(Data excerpts begins)

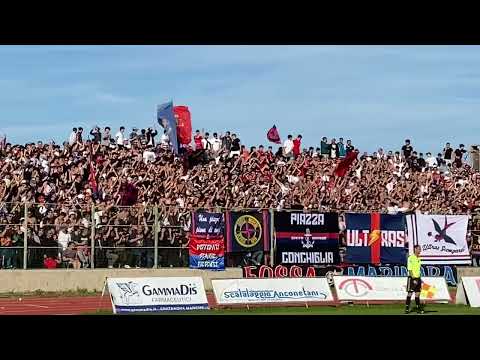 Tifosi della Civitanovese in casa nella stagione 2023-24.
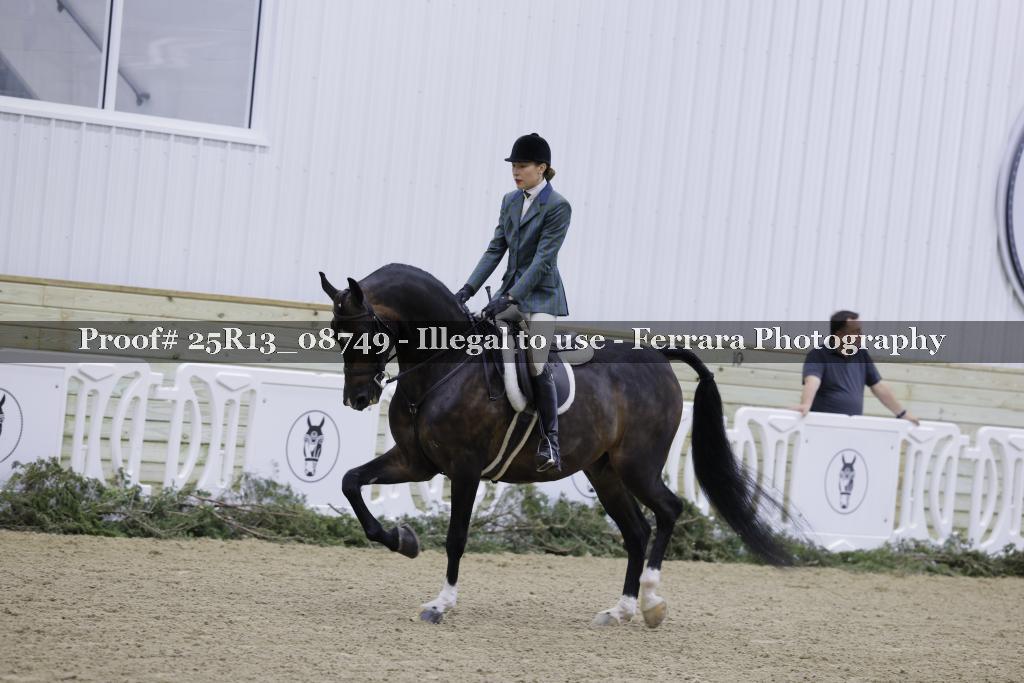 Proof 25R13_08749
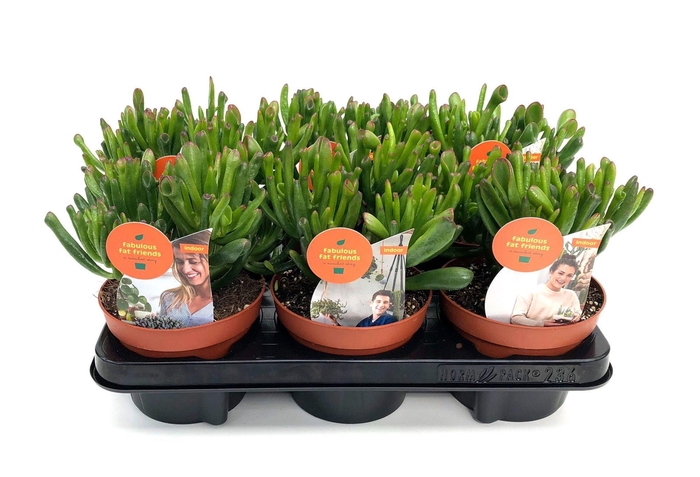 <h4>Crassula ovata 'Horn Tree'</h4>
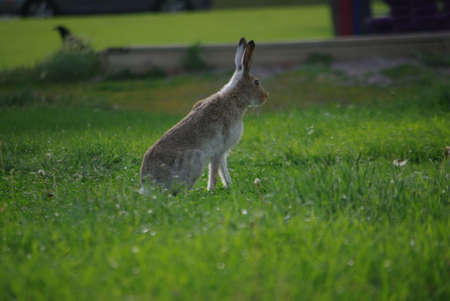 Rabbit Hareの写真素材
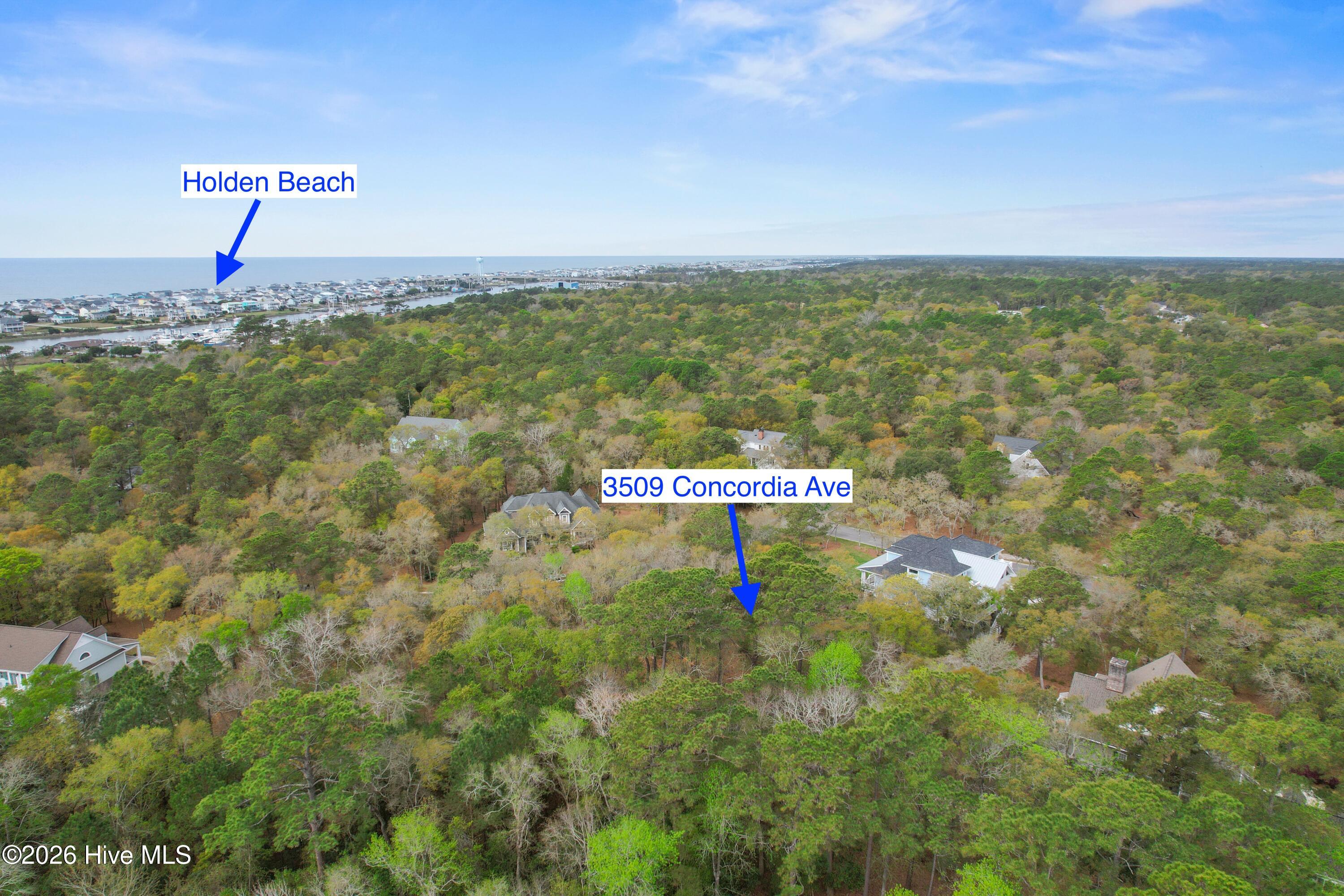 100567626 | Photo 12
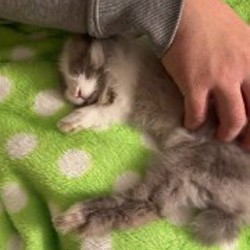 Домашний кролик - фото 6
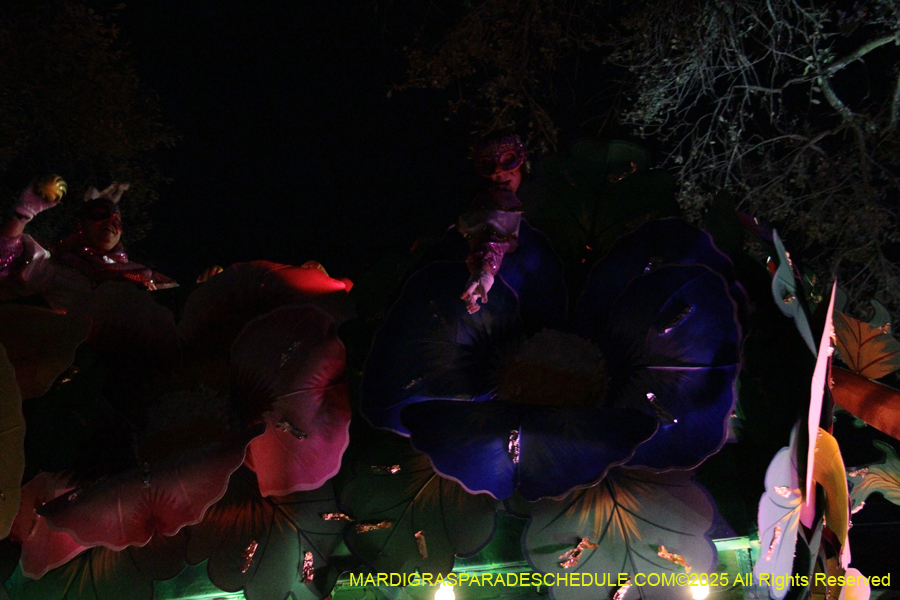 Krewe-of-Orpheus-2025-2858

(Data excerpts ends)
(Data excerpts begins)

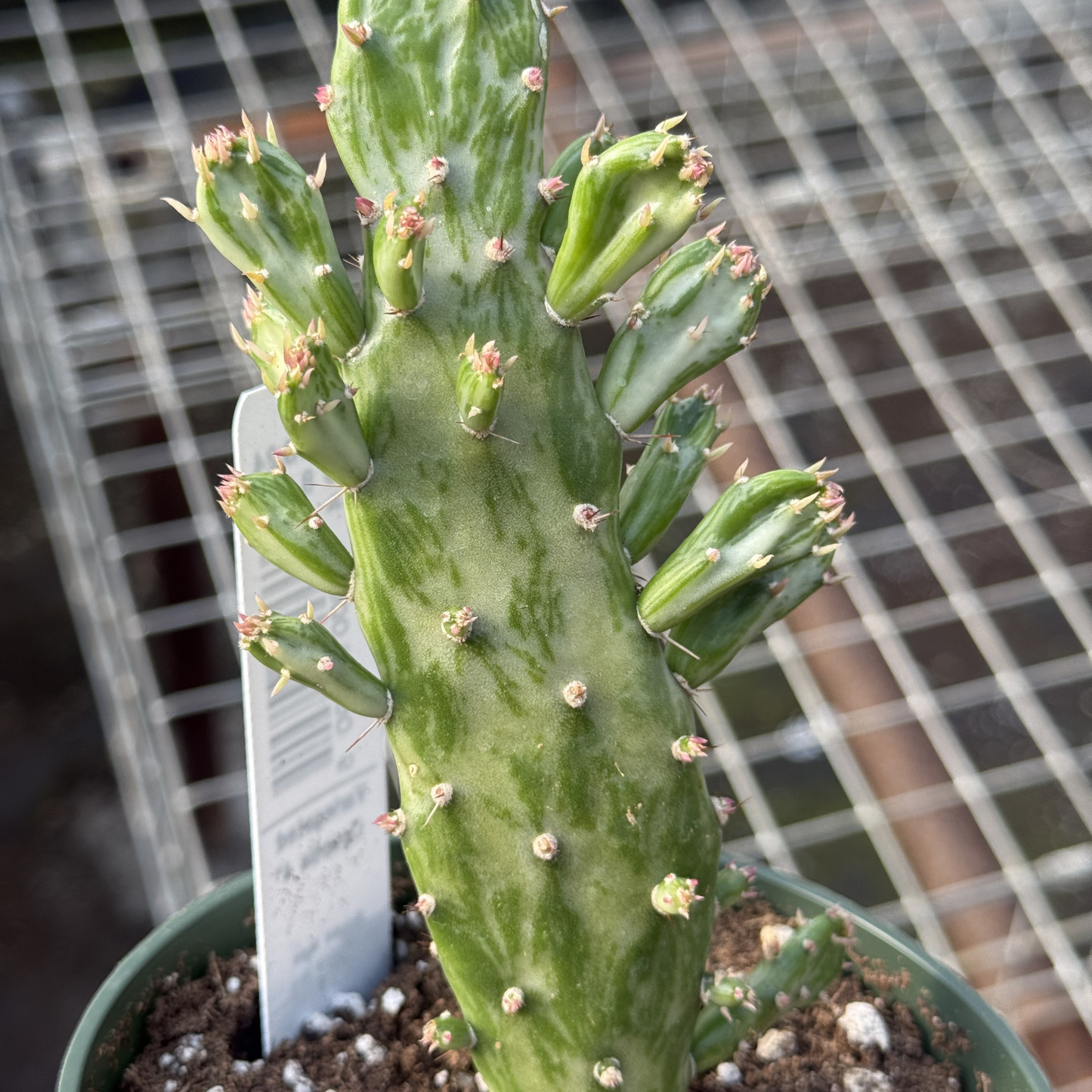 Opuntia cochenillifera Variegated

(Data excerpts ends)

# [Your task]
Within the material above, only the stretch from the line holding "Tifosi della Civitanovese" through the line holding "Krewe-of-Orpheus-2025-2858" is to be restated exactly. Pictures are dropped.

# [Answer area]
 Tifosi della Civitanovese in casa nella stagione 2023-24.
 Proof 25R13_08749
 <h4>Crassula ovata 'Horn Tree'</h4>
 Rabbit Hareの写真素材
 100567626 | Photo 12
 Домашний кролик - фото 6
 Krewe-of-Orpheus-2025-2858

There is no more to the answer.